The now great wood-blocked causeway at the intersection of Collins and Elizabeth Streets was during the early years a queer thoroughfare. The four half-acre corner allotments were purchased respectively for ^ 3 2 , £,o, ^ 4 2 , and ,£50, no doubt the full value at the time.
The most remarkable corner in Elizabeth Street is its north-east junction with Little Collins Street. The half-acre was bought for £28, and the corner was devoted to mercantile purposes by Campbell and Woolley, importers. The store was about half up on the arrival of Father Geoghegan, the first Roman Catholic priest, in July, 1838, and he obtained permission to solemnize therein the first mass offered in the colony.
About the General Post Office corner, a "cock-and-bull" story occasionally crops up to the effect that the place belongs to a pauper cripple, who acquired it legally in the days of yore, but the intervention of some legal or illegal hitch ousted him from his rights. There is little doubt of such a supposition being groundless. At the period of the early land sales the place was such that no sane man would put a shilling in it, and as no one even thought of then purchasing it, the block appears on the old charts of Melbourne, shaded off as a red blank, the indication of the unbought portions of the township. It was a species of bog, and, according to tradition, during the winter of 1837, a bullock team, including a drunken driver, got swamped there one evening after sundown whilst en route for Flemington, and no traces of them were ever brought to the surface. This latter is, no doubt, a stretch of the imagination.

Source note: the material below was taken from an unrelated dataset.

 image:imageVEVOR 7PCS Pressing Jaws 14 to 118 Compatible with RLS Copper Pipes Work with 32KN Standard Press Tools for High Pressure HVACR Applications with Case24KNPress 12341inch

The half-acre whereon is now the Theatre Royal was knocked down for £95. It was used as a timber yard until the Fates decreed it to form the principal Metropolitan home of the drama. From Swanston Street northward was for a length of time reckoned at little value, for not only trading, but even habitable purposes. It was an extensive upland of forest country, rent by water-worn gorges, and deemed valuable only for its supposed stone-quarrying resources. One of the most pleasurable pedestrian excursions that could be indulged in, was an afternoon stroll away over the ground now occupied by the Court House and Gaol Reserve, and away by the Cemetery towards Brunswick, so called by Mr. W. F. A. Rucker.

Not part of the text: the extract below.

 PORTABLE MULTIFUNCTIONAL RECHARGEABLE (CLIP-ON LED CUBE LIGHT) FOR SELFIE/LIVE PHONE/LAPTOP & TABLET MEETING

The first building erected in East Collins Street was the Scots' School, in 1838, primarily used also as a Kirk. Lower down, on the south side, where The Argus now forges and launches its typographical thunderbolts, was the first Baptist place of worship, a capacious tent, wherein the first service was held. Of this half-acre freehold Mr. Thomas Napier became the owner, and his heirs are still the ground lessors. H e lent the land temporarily to the Baptists, and subsequently had a building put up there, an apartment of which was dignified as Napier's Large Room, the scene of some early religious services and society meetings. When William Kerr started the Melbourne Argus in 1846, the place was converted into a newspaper office; and when this journal died and the present Argus sprung like a Phœnix from its ashes, the premises and the newspaper clove together, enlarging every year, and growing so attached to each other that it would be difficult to calculate upon the particular period (if ever) when they will dissolve partnership.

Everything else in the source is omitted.